EXERCISE BRIEF: Only a verbatim restatement of the lines from the one with "pearliveinfo's avatar" through the end of the listing below is wanted. Pictures should be left out.
----------
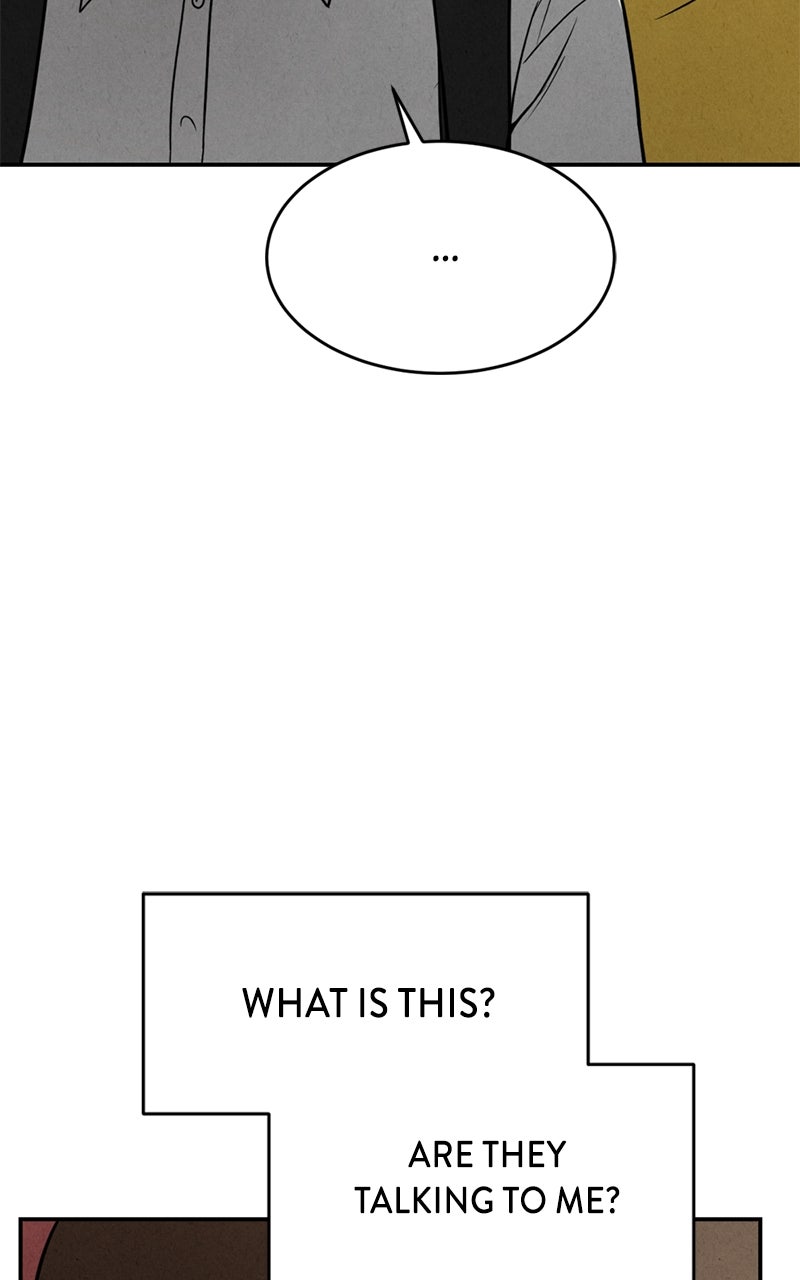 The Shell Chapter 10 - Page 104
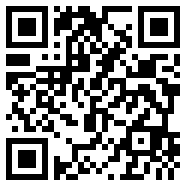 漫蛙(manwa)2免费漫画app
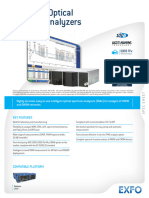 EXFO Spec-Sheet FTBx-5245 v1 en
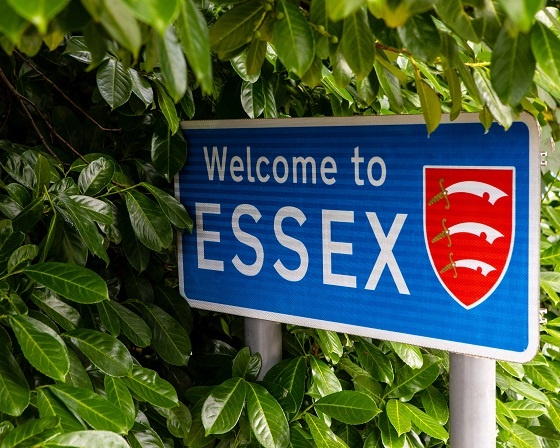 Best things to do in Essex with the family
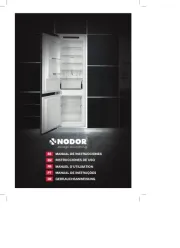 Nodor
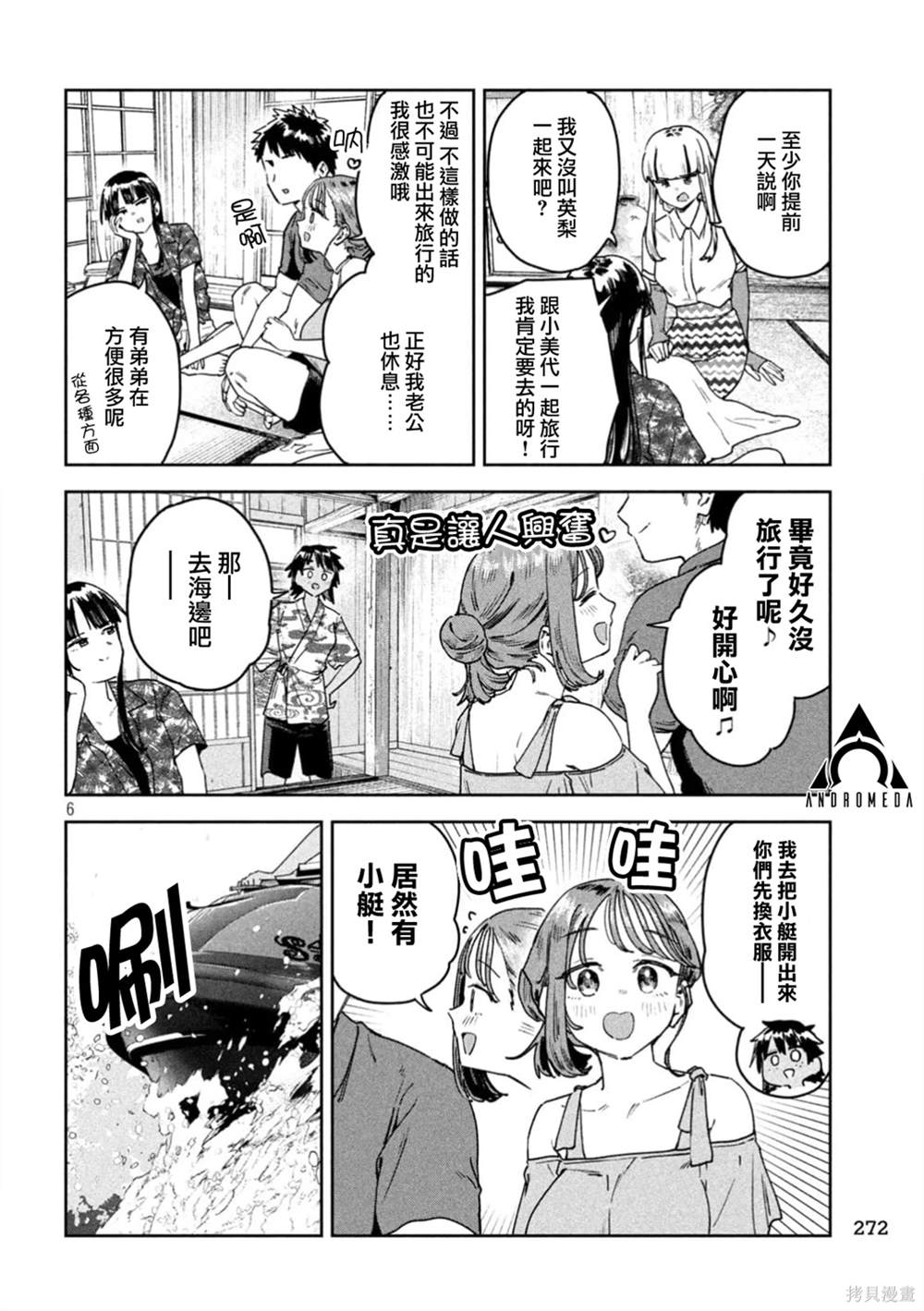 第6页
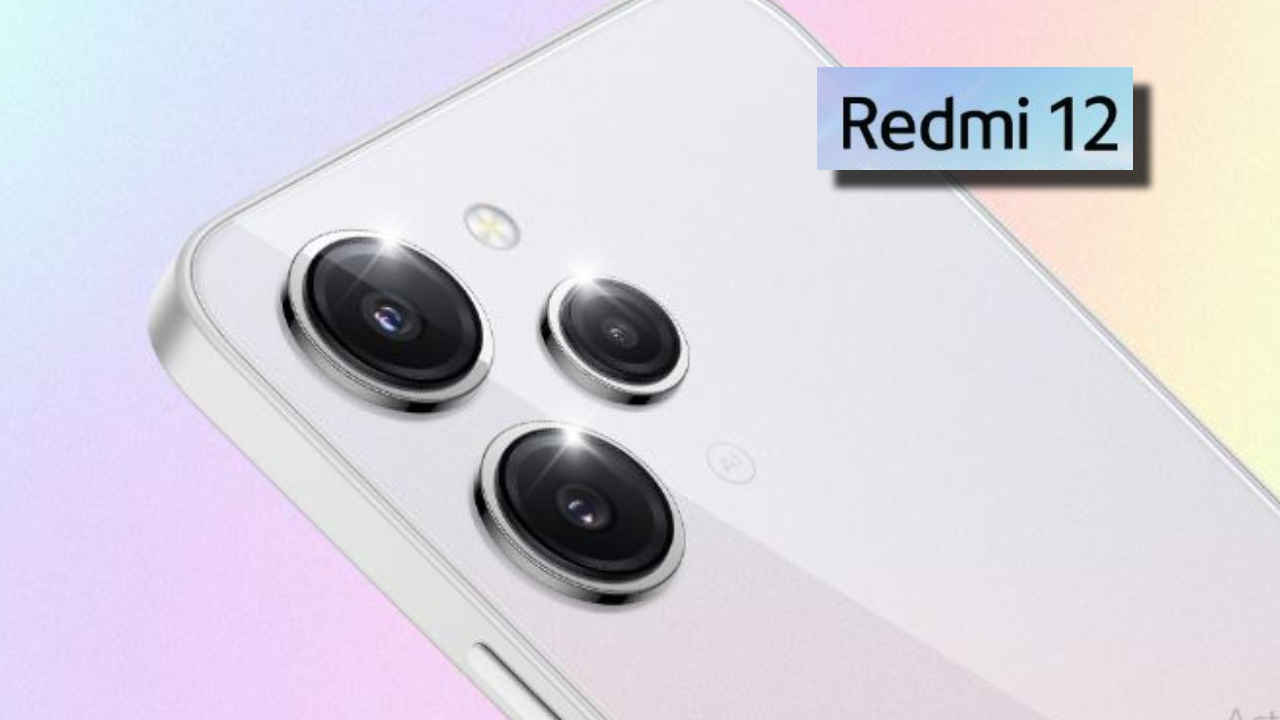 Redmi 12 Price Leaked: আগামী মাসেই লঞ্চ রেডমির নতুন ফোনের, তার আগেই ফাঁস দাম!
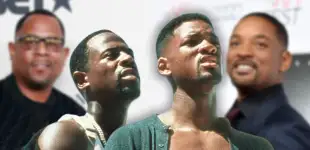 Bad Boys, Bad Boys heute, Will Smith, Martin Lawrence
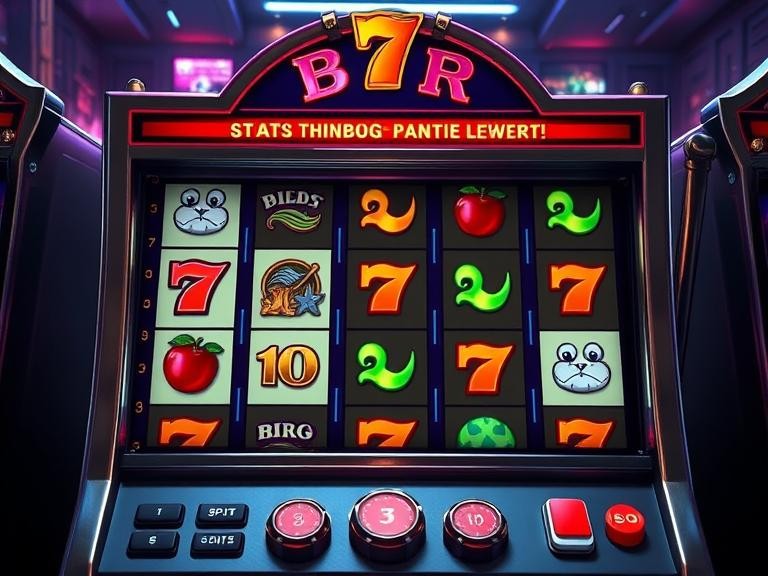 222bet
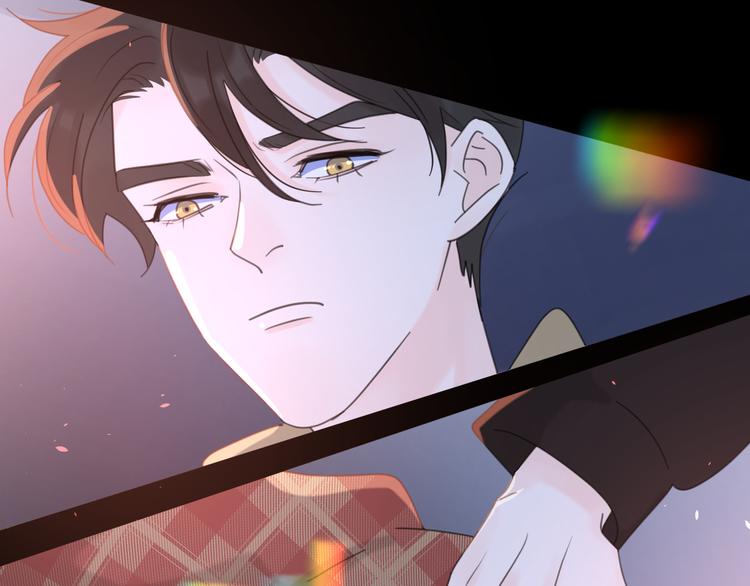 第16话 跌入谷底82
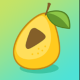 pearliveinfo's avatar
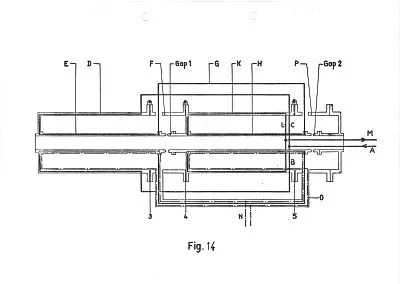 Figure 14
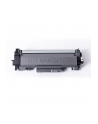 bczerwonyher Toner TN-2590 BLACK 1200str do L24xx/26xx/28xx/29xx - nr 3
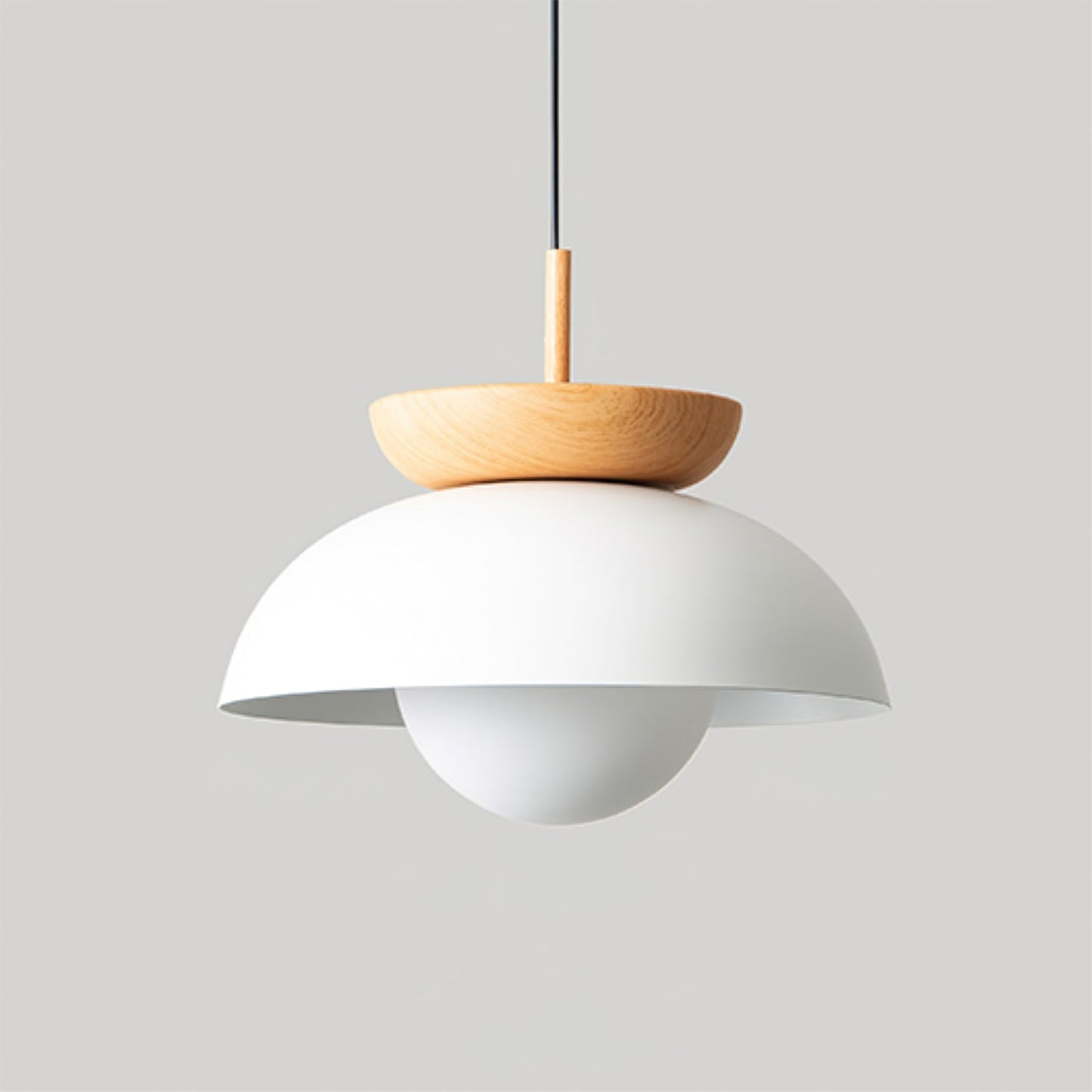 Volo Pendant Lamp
----------
TASK ANSWER:
 pearliveinfo's avatar
 Figure 14
 bczerwonyher Toner TN-2590 BLACK 1200str do L24xx/26xx/28xx/29xx - nr 3
 Volo Pendant Lamp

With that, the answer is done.